(Caption-style text data)
++++

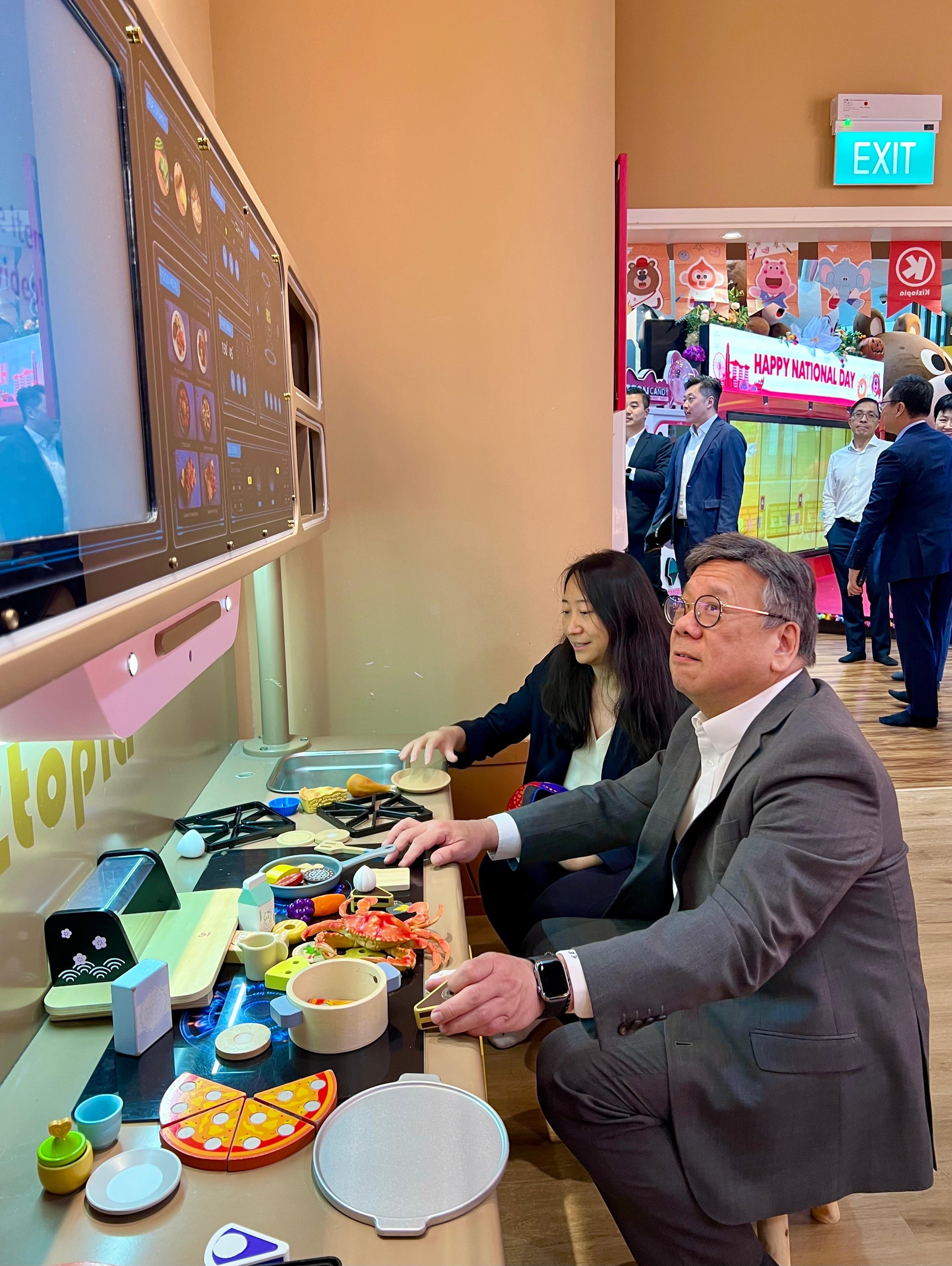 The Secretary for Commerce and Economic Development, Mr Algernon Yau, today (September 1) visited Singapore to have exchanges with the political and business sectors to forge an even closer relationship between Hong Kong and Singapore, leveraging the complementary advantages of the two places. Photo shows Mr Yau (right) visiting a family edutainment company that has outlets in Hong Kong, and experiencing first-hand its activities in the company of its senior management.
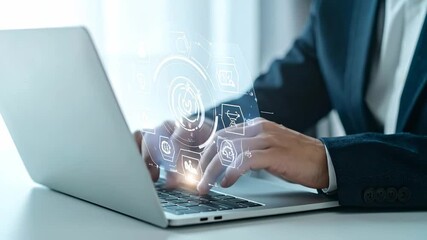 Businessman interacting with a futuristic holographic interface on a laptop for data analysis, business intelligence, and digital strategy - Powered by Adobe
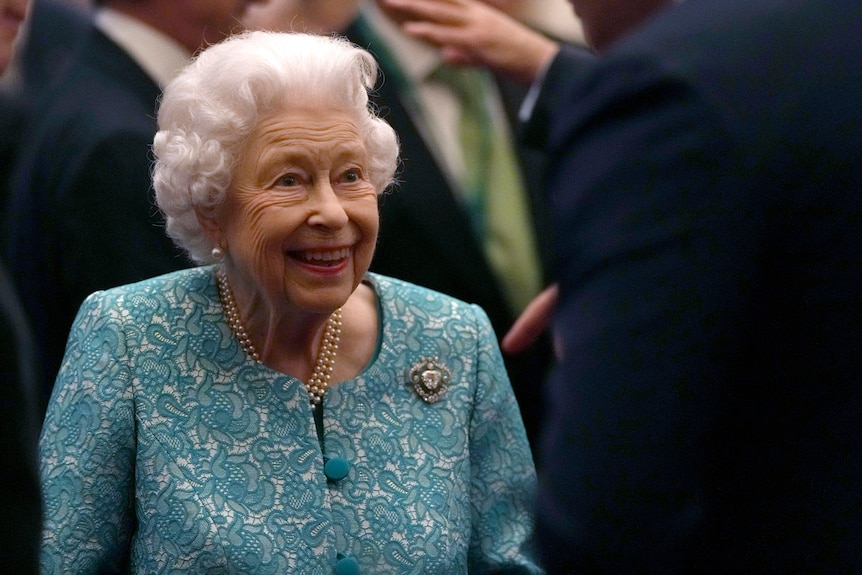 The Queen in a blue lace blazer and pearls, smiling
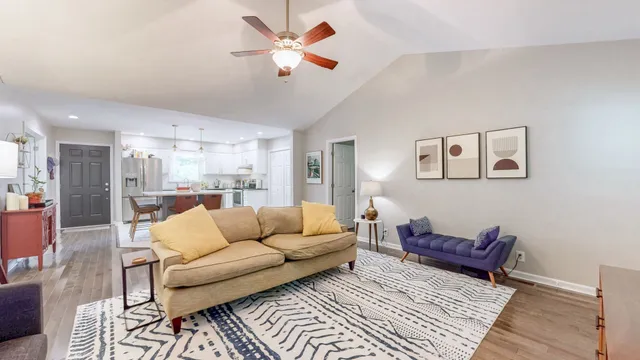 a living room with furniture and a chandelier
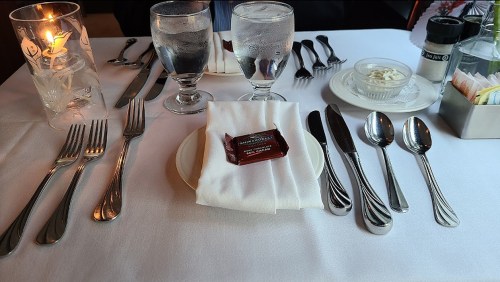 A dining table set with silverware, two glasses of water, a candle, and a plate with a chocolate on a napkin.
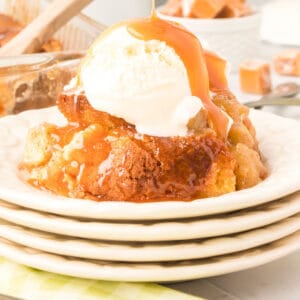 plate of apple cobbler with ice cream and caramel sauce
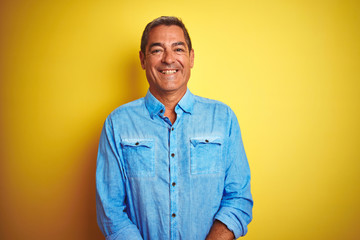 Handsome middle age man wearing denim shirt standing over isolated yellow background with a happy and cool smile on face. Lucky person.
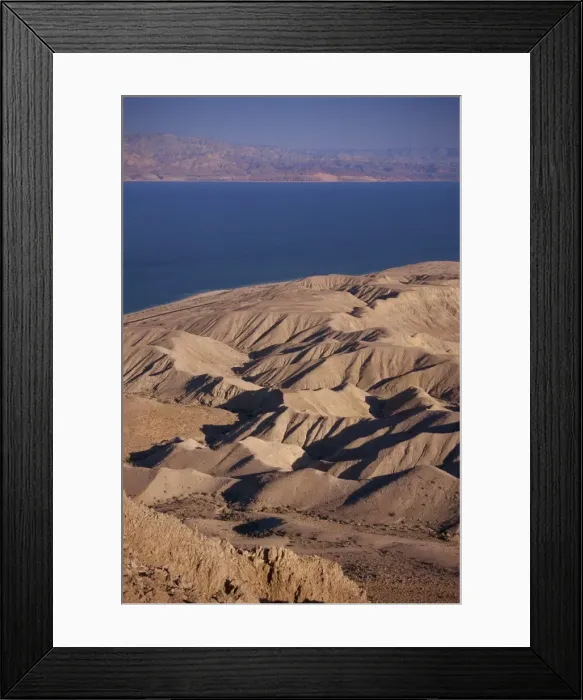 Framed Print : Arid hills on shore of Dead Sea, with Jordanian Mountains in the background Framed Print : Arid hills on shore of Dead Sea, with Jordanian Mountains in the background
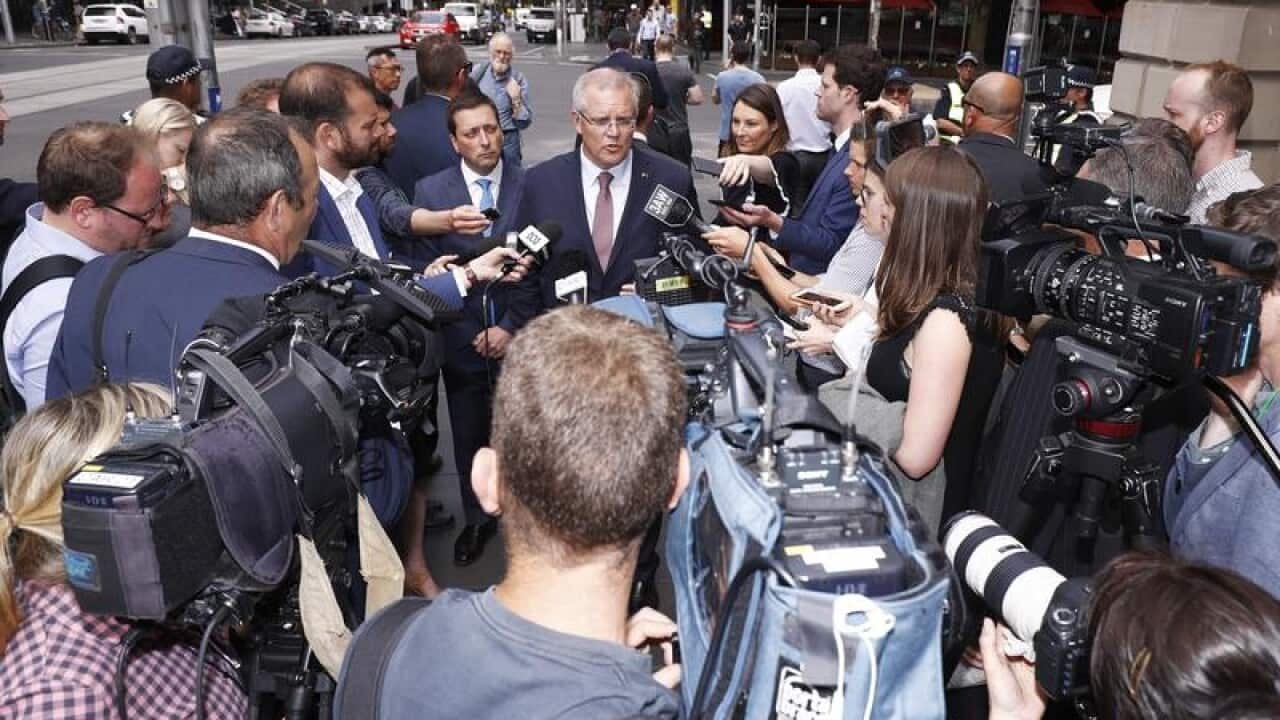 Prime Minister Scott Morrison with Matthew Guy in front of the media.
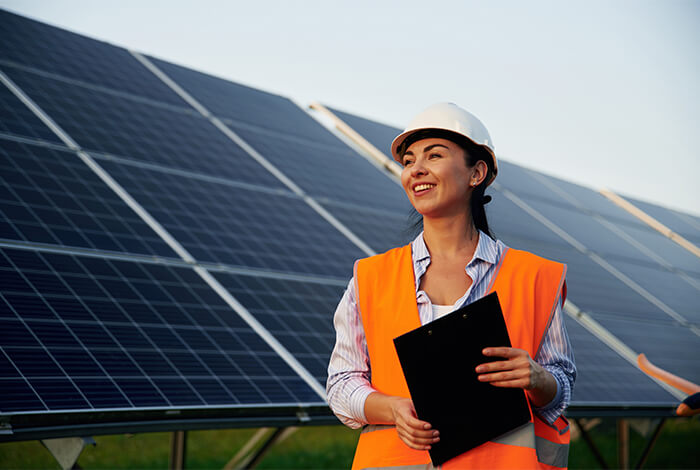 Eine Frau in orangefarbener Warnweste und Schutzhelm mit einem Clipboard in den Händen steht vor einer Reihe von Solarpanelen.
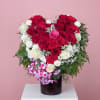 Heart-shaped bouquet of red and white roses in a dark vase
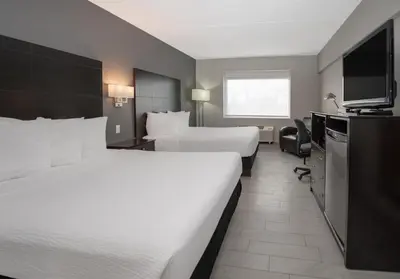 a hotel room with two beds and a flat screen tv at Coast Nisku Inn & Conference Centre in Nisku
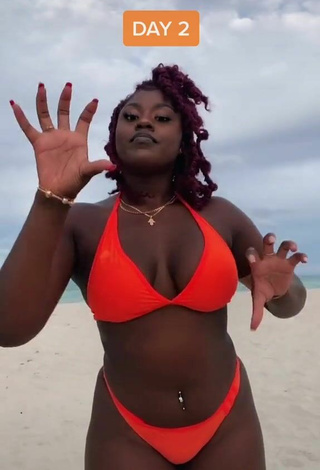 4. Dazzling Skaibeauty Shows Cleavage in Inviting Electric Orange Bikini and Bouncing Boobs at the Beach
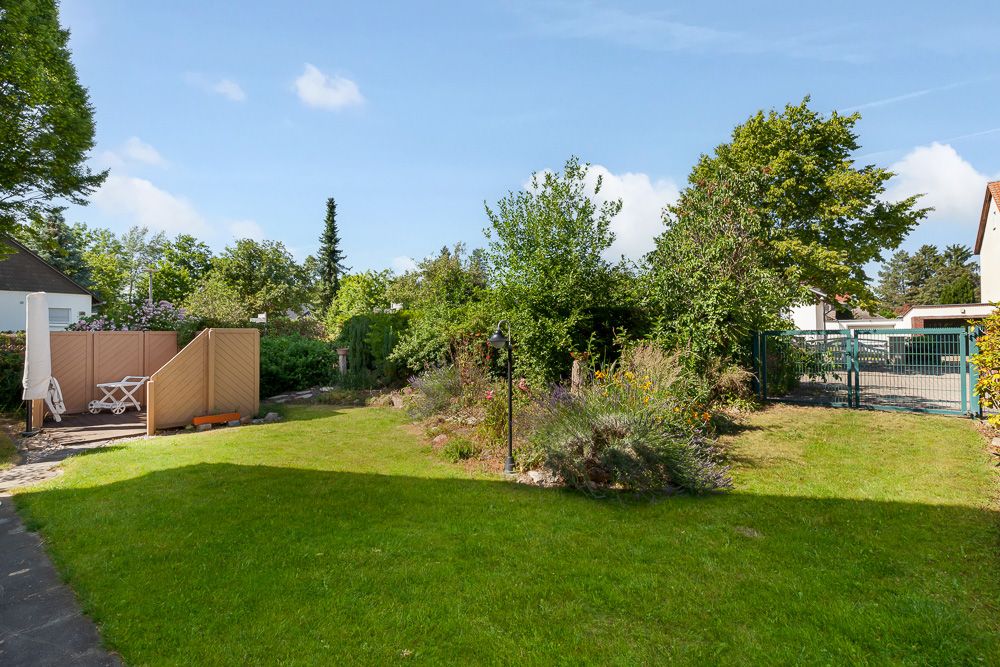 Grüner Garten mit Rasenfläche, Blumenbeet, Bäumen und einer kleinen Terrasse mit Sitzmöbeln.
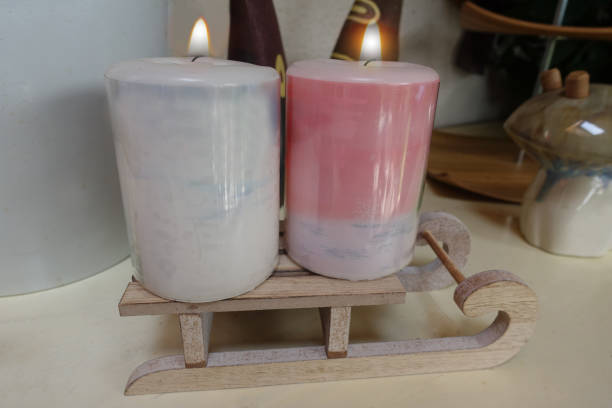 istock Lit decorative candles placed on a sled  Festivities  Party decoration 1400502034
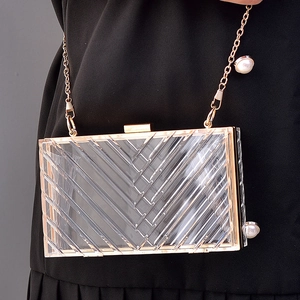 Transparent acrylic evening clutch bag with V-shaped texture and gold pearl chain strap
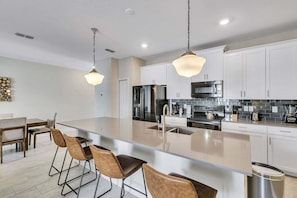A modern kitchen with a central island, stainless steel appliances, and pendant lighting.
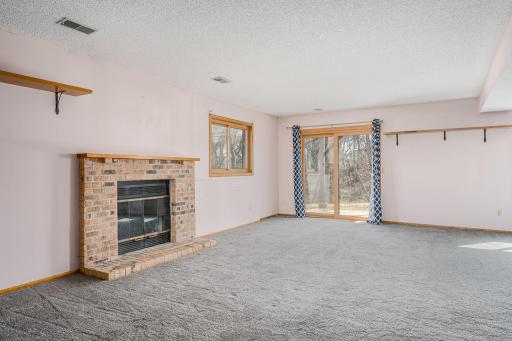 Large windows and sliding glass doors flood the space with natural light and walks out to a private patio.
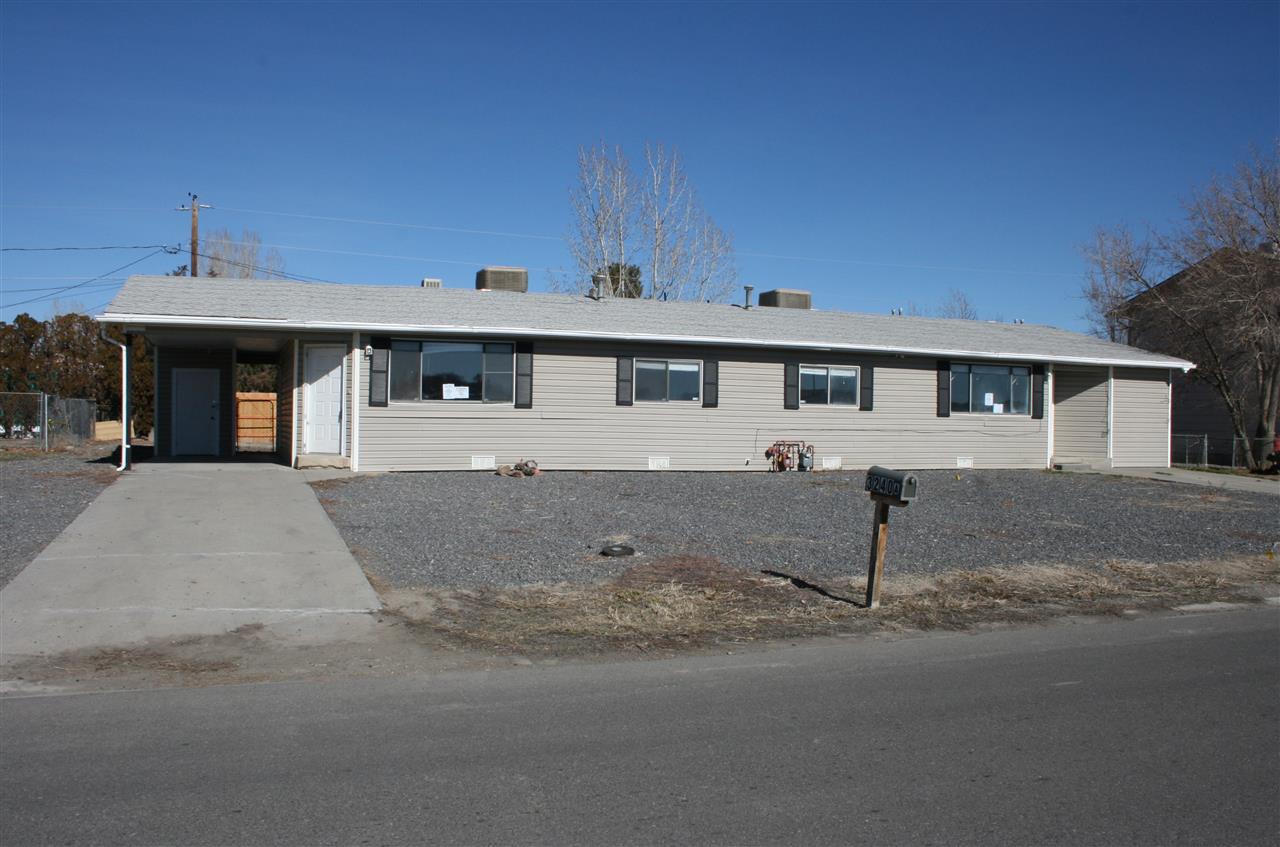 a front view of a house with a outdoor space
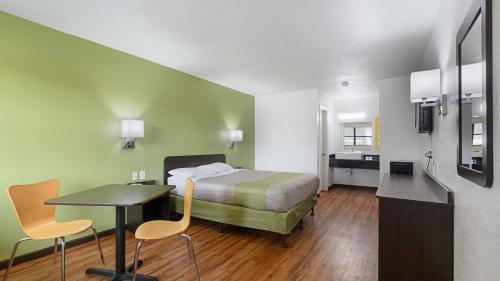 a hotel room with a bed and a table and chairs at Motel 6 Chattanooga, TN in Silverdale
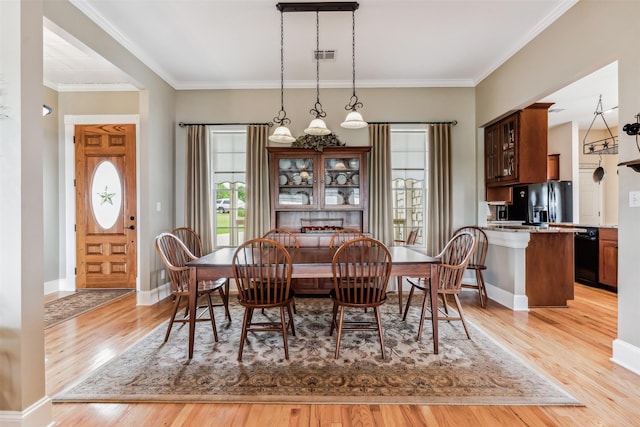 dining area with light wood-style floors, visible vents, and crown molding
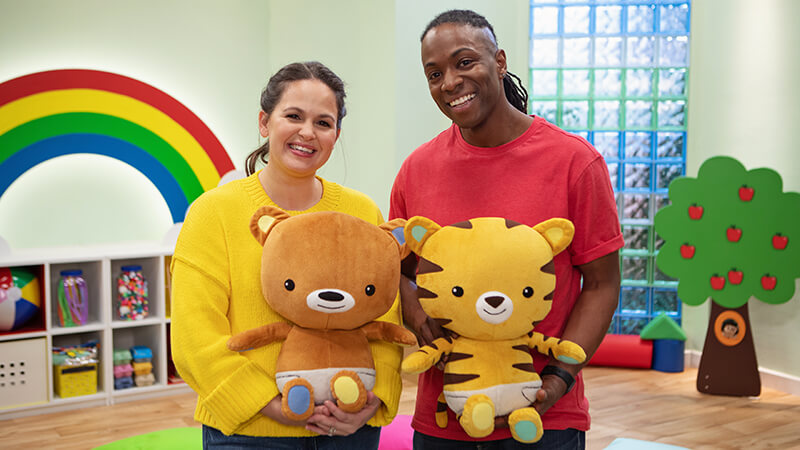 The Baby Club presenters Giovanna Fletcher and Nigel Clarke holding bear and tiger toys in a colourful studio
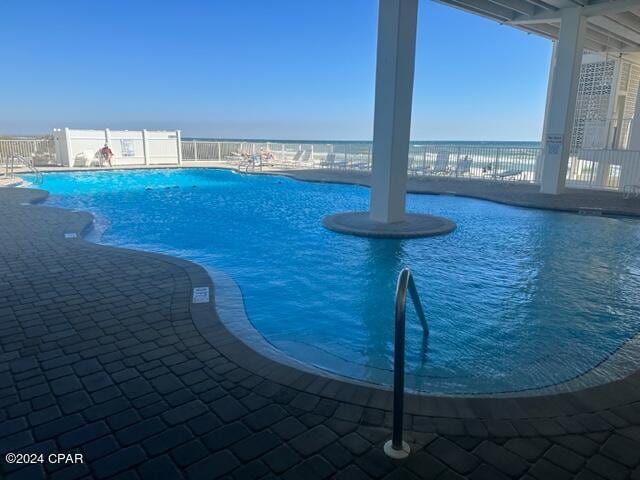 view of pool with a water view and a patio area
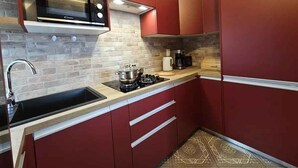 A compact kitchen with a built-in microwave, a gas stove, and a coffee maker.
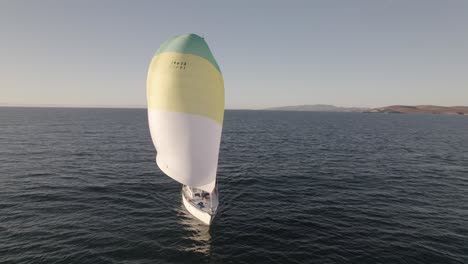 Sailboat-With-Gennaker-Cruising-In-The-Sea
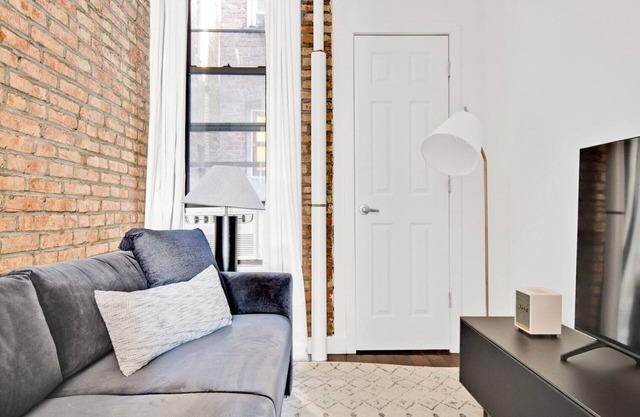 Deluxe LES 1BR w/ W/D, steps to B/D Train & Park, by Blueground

++++

In the entries above, find the line containing "istock Lit decorative" and the line containing "a hotel room with a"; give again exactly those two lines and every line between them, minus the pictures.

**RESULT OF THE EXERCISE**:
 istock Lit decorative candles placed on a sled  Festivities  Party decoration 1400502034
 Transparent acrylic evening clutch bag with V-shaped texture and gold pearl chain strap
A modern kitchen with a central island, stainless steel appliances, and pendant lighting.
 Large windows and sliding glass doors flood the space with natural light and walks out to a private patio.
 a front view of a house with a outdoor space
 a hotel room with a bed and a table and chairs at Motel 6 Chattanooga, TN in Silverdale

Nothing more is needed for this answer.